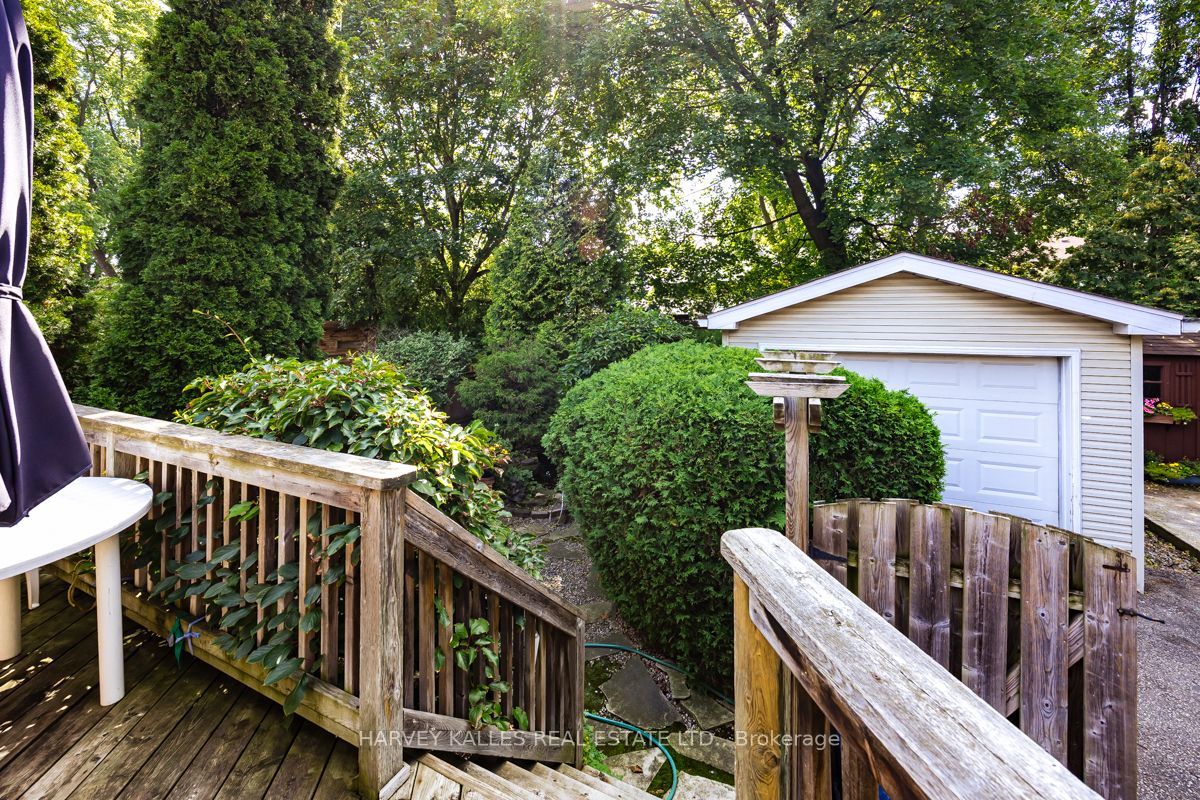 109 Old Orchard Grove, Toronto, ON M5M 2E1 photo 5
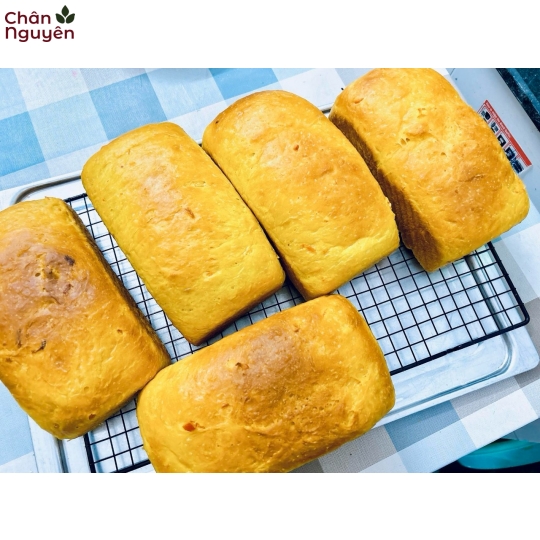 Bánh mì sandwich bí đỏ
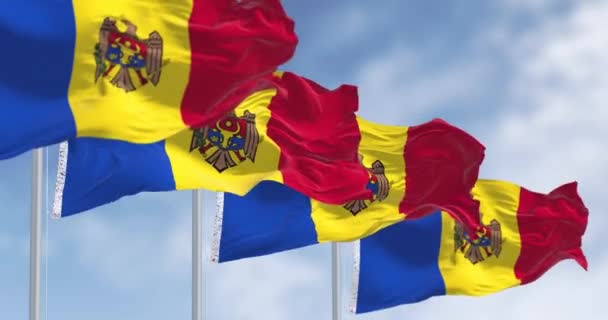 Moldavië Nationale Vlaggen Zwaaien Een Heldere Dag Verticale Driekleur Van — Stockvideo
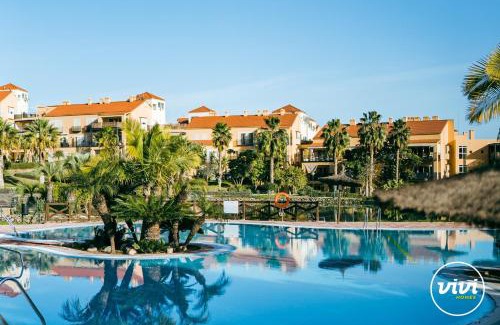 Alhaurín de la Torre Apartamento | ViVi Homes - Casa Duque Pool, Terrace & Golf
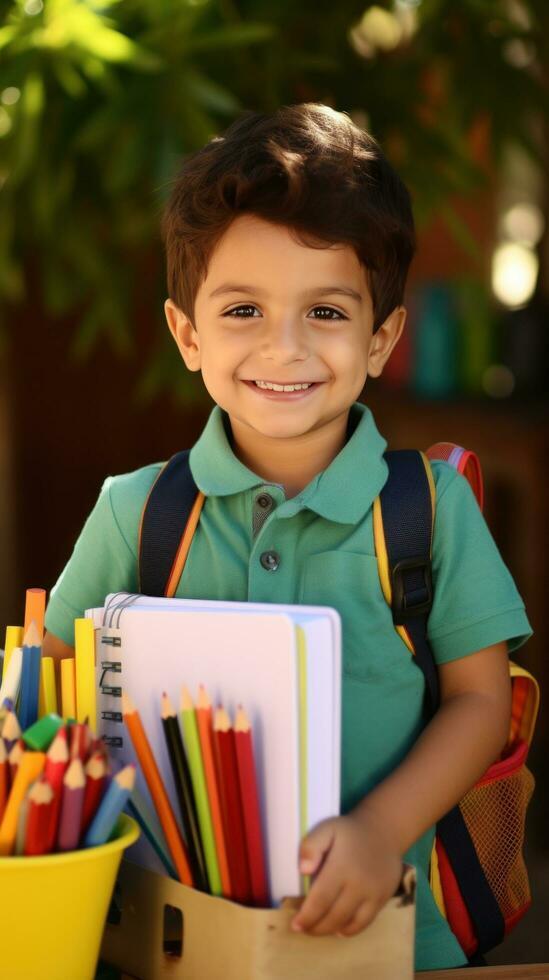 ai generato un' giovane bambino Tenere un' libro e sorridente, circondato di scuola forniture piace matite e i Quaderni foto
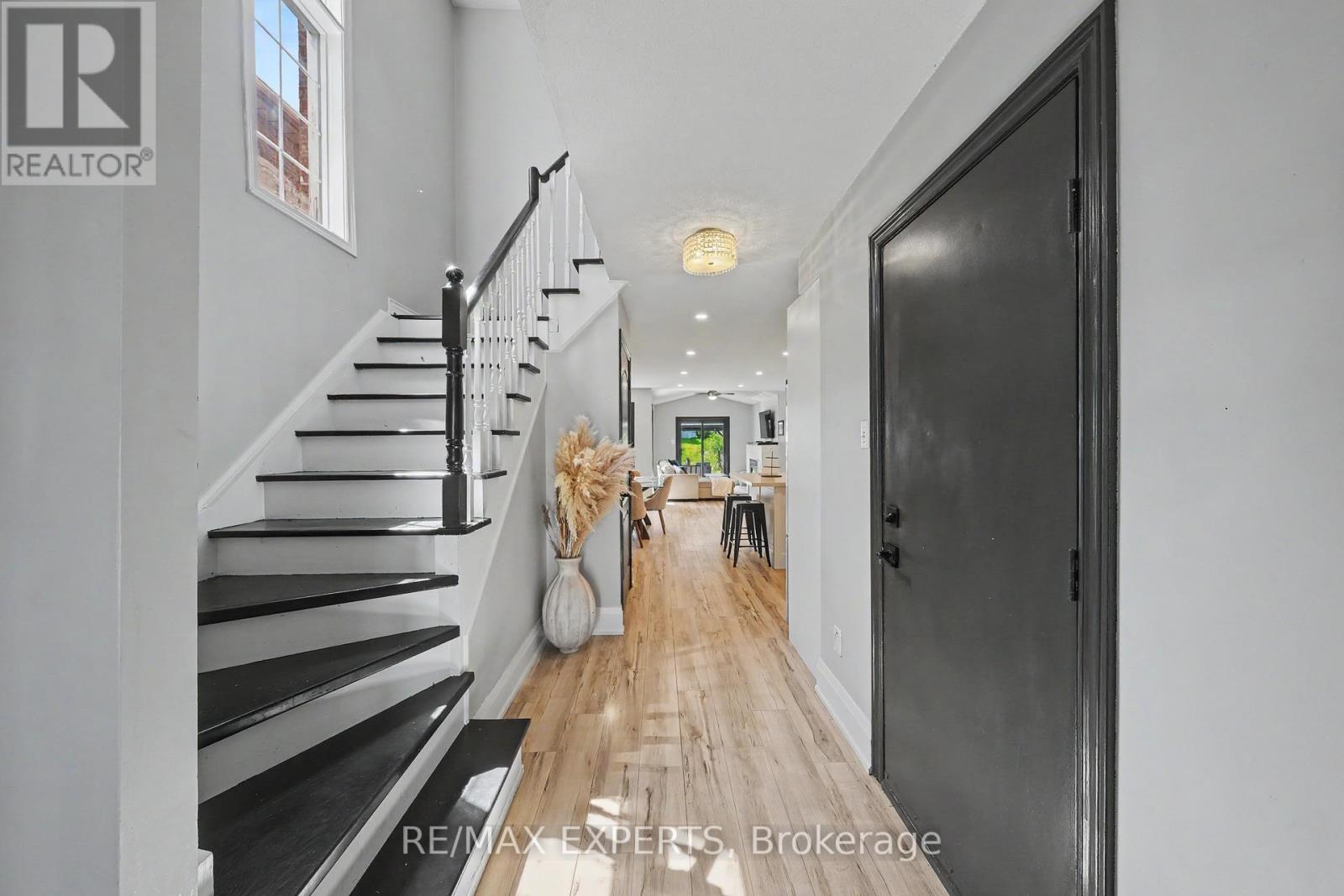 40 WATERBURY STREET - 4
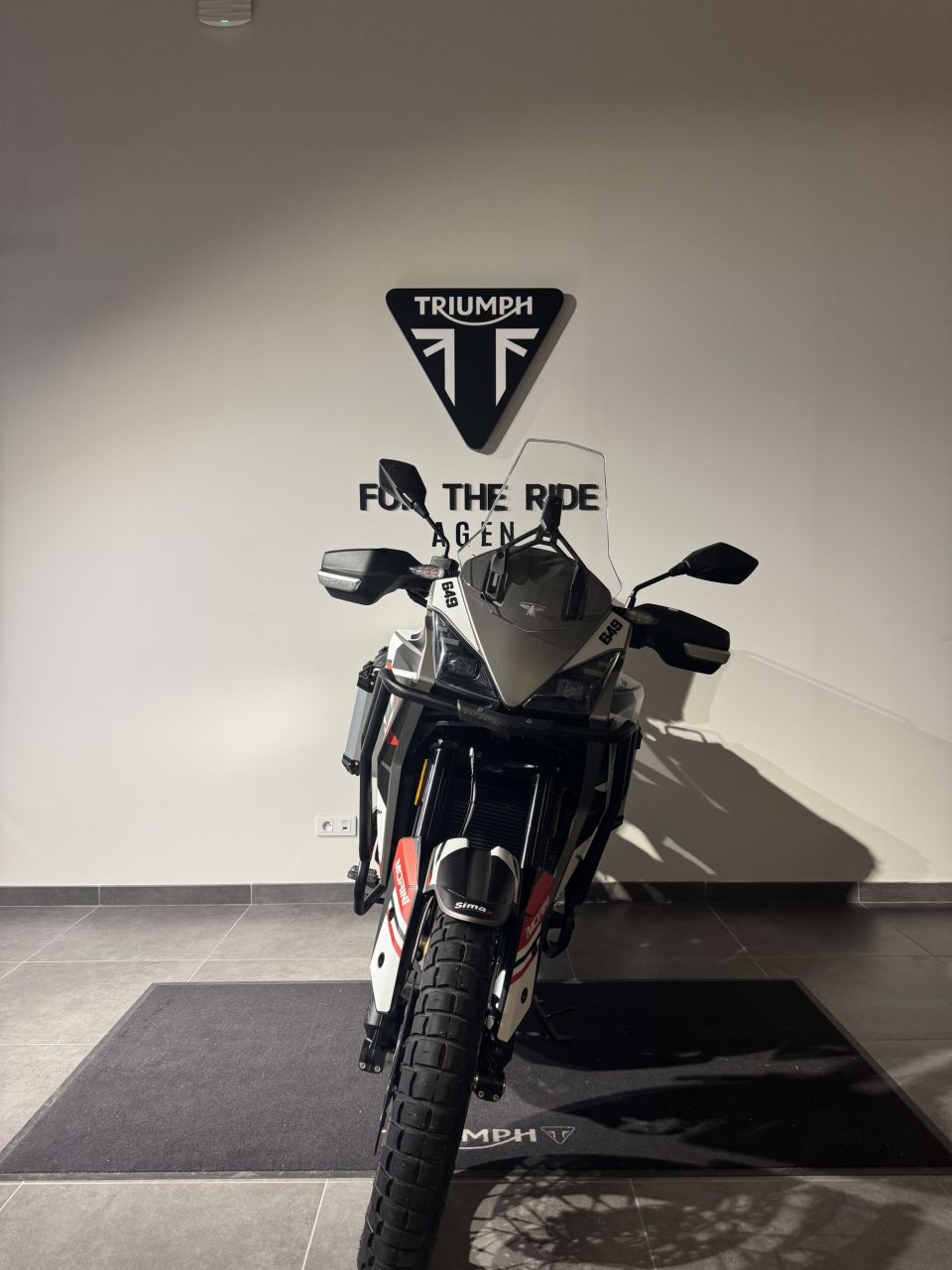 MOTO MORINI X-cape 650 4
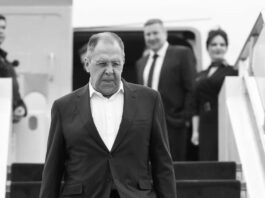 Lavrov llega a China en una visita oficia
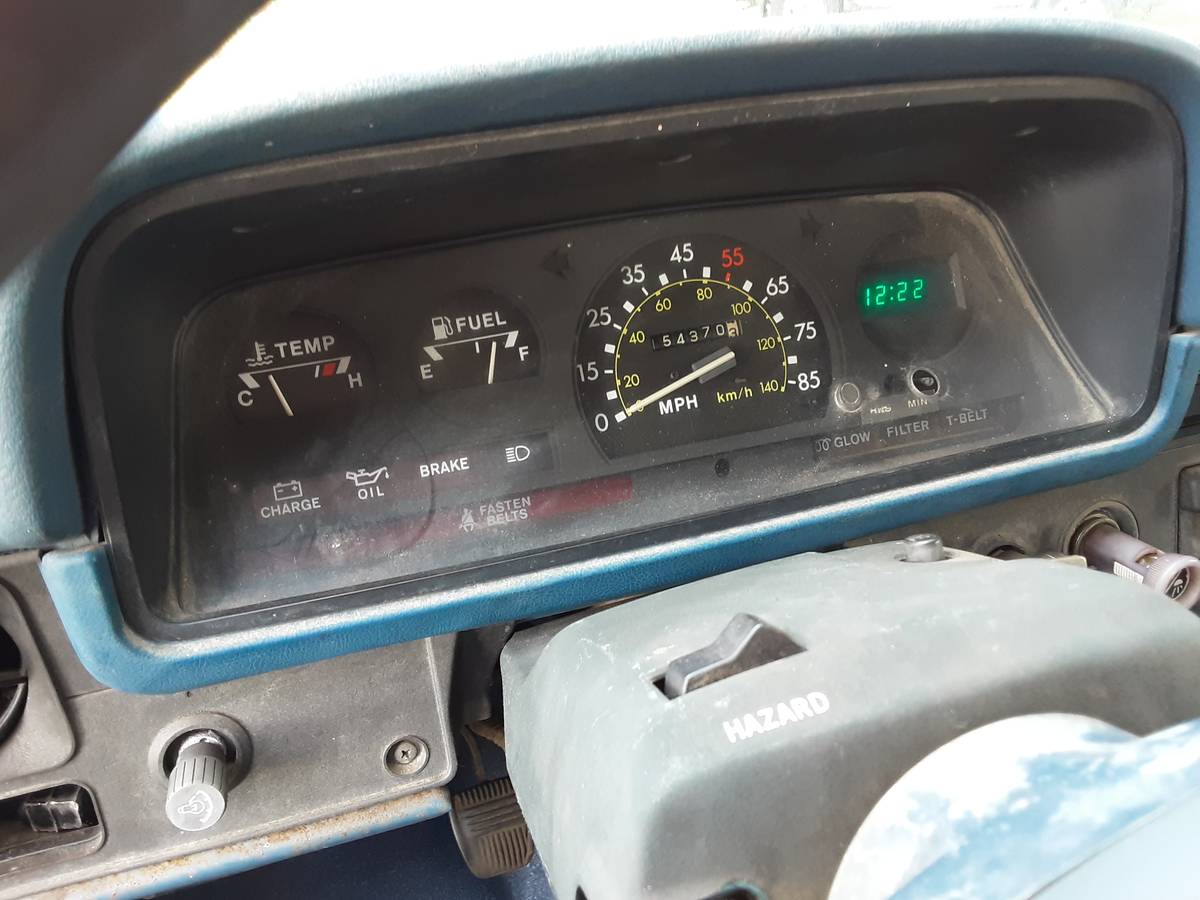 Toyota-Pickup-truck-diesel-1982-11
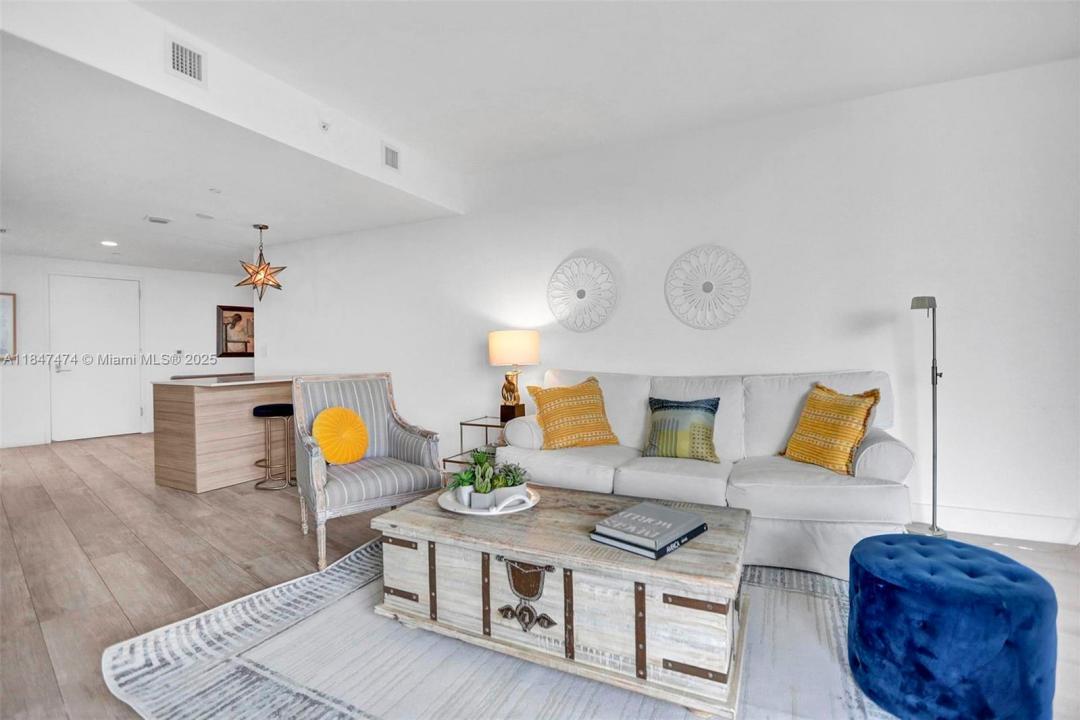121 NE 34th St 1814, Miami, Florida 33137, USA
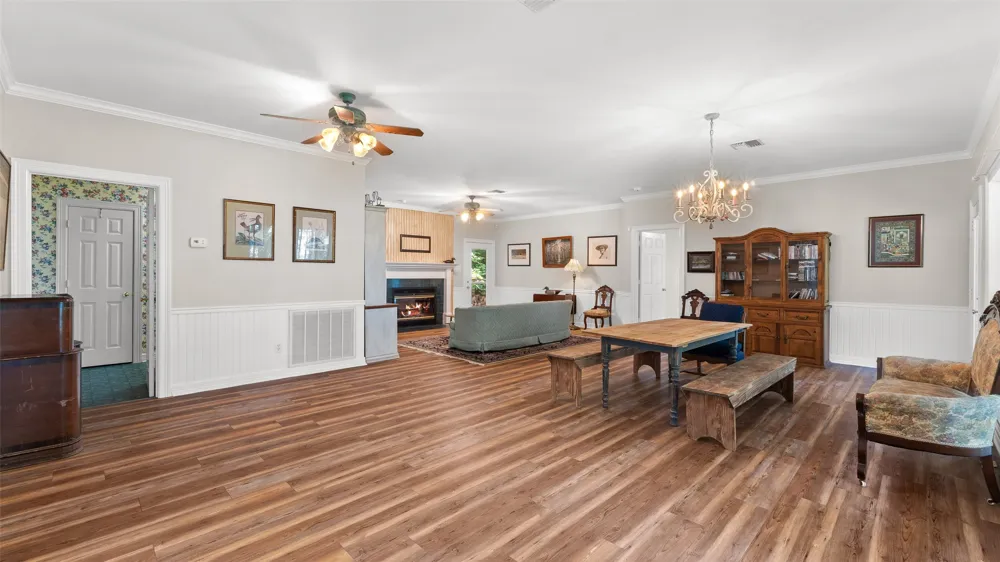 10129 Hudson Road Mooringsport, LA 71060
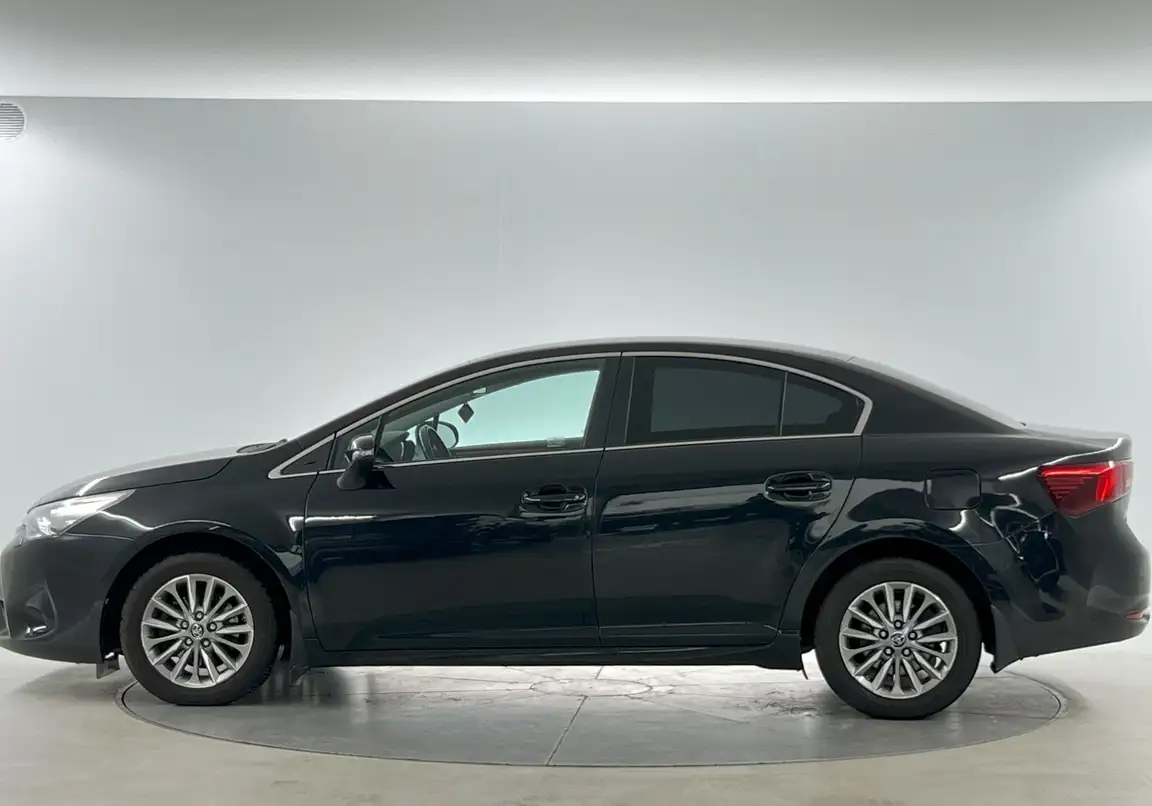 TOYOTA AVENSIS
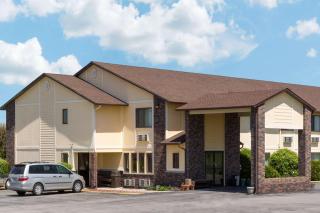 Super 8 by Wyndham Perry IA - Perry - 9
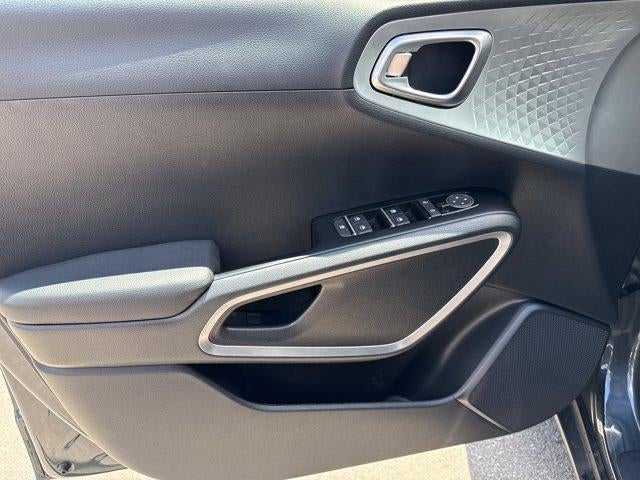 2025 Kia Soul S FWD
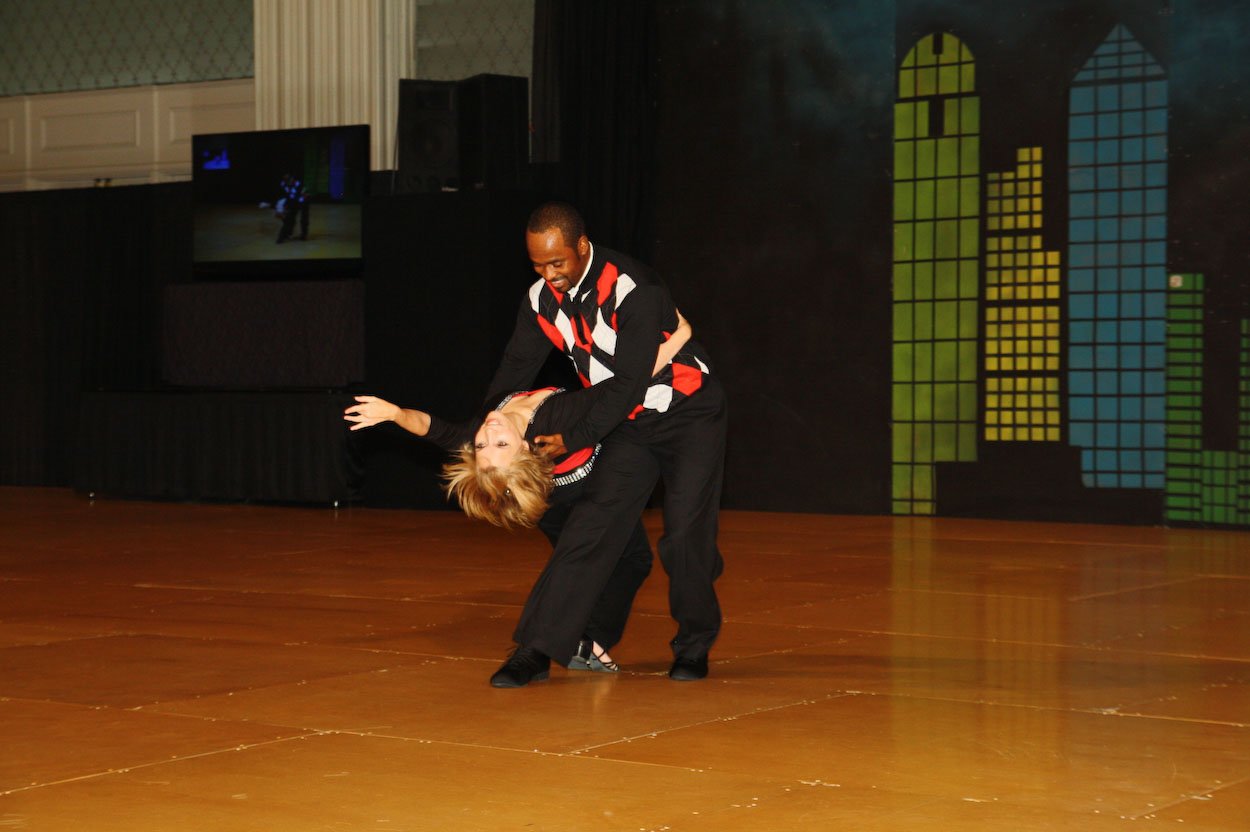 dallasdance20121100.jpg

▬▬▬

Work order: The answer is to be the lines from the line that contains "10129 Hudson Road Mooringsport, LA 71060" through the last line of the material, retyped exactly, both included, with pictures left out, please.

Final answer:
 10129 Hudson Road Mooringsport, LA 71060
 TOYOTA AVENSIS
 Super 8 by Wyndham Perry IA - Perry - 9
 2025 Kia Soul S FWD
 dallasdance20121100.jpg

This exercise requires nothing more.